What you should do - Copy all data exactly. Skip pictures.

Data below -
===

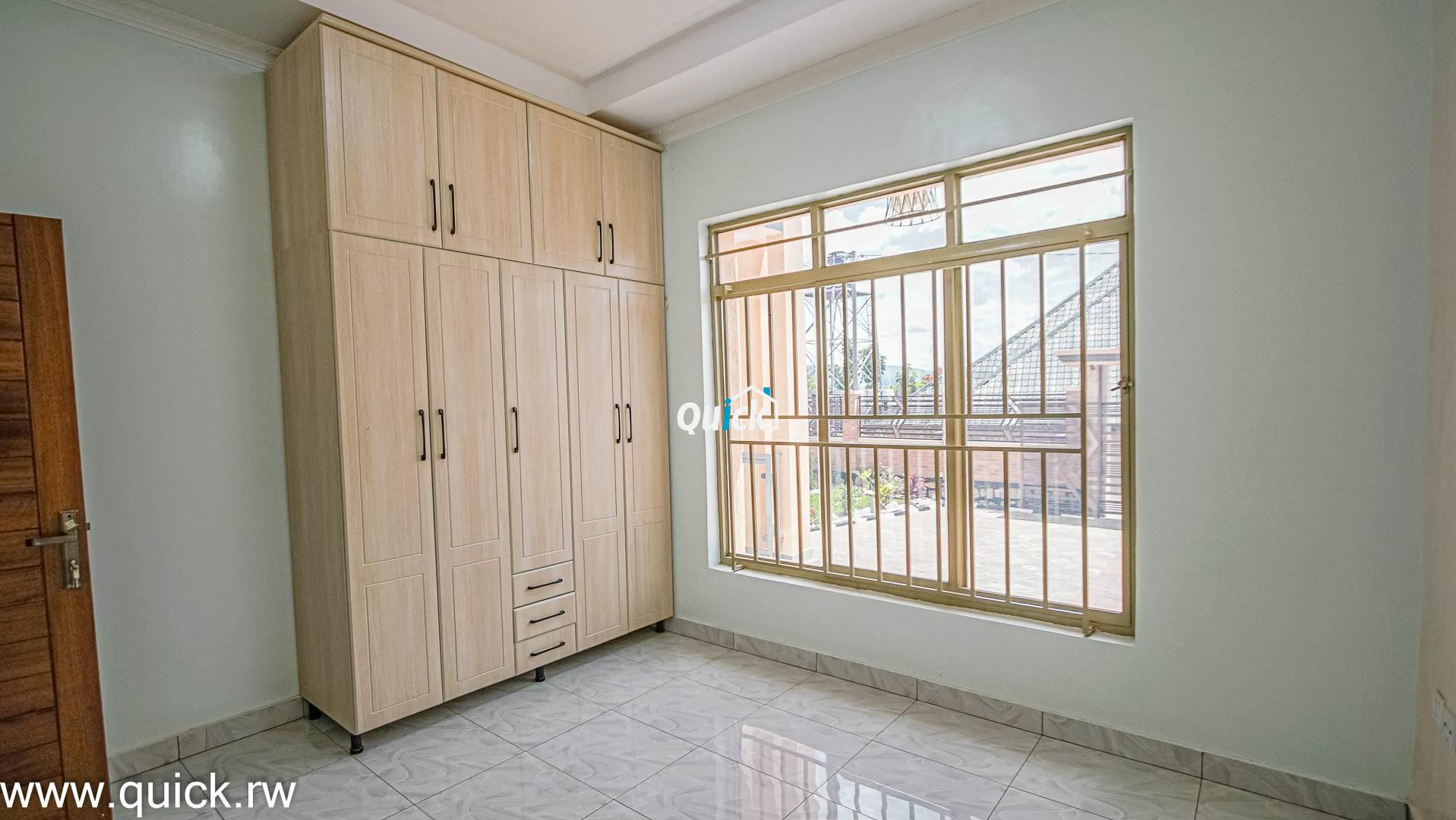 lovely-family-house-for-sale-in-kibagabaga-01110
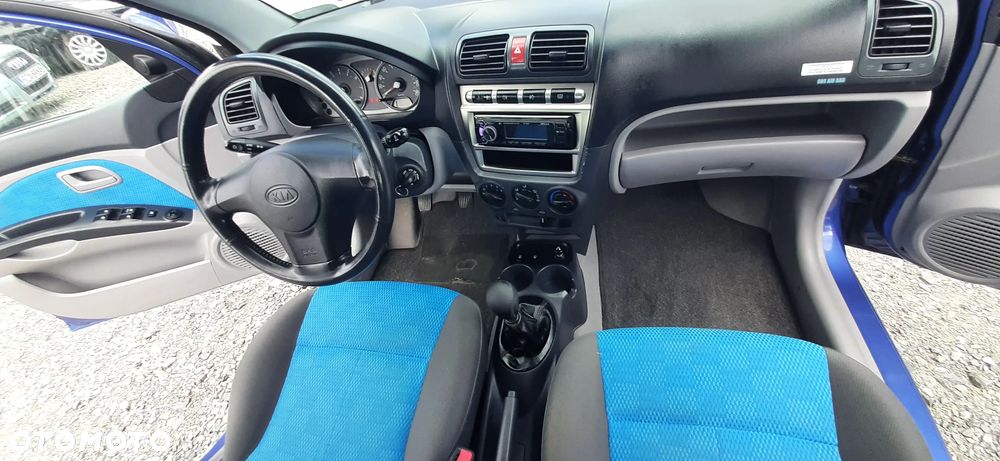 Kia Picanto - 25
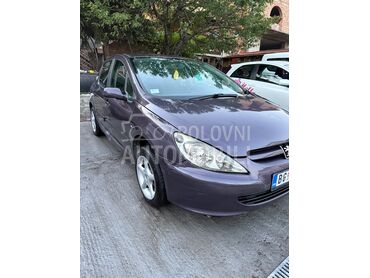 Peugeot 307, 999 €, 2002. Hečbek, Dizel | 1997 cm3, 300.000 km, 66kW (90 KS), Manuelni 5 brzina, 4/5 vrata, 5 sedišta, Leštane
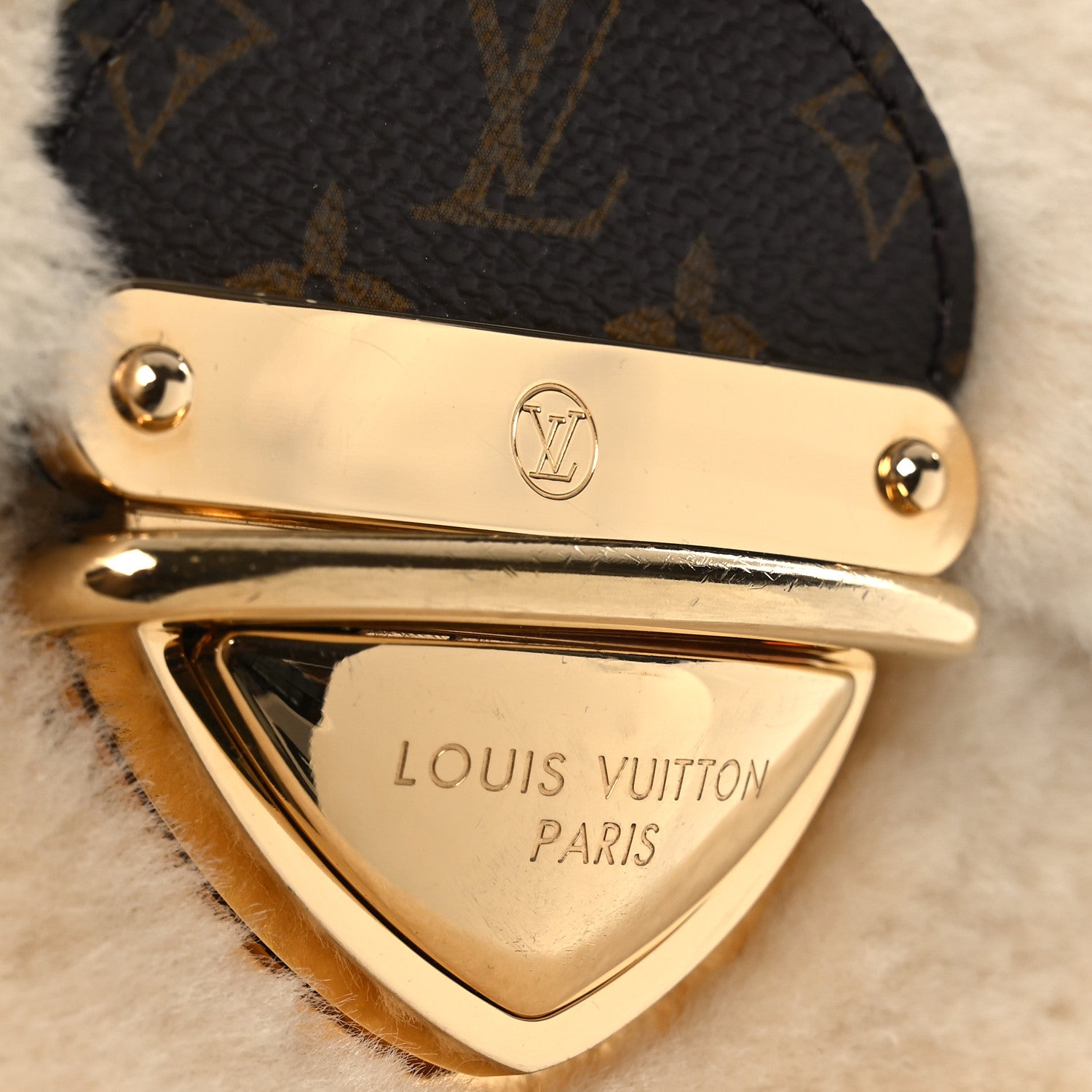 Louis Vuitton Shearling Monogram Sunset Cream 17 of 18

===

Solution for this exercise -
 lovely-family-house-for-sale-in-kibagabaga-01110
 Kia Picanto - 25
 Peugeot 307, 999 €, 2002. Hečbek, Dizel | 1997 cm3, 300.000 km, 66kW (90 KS), Manuelni 5 brzina, 4/5 vrata, 5 sedišta, Leštane
 Louis Vuitton Shearling Monogram Sunset Cream 17 of 18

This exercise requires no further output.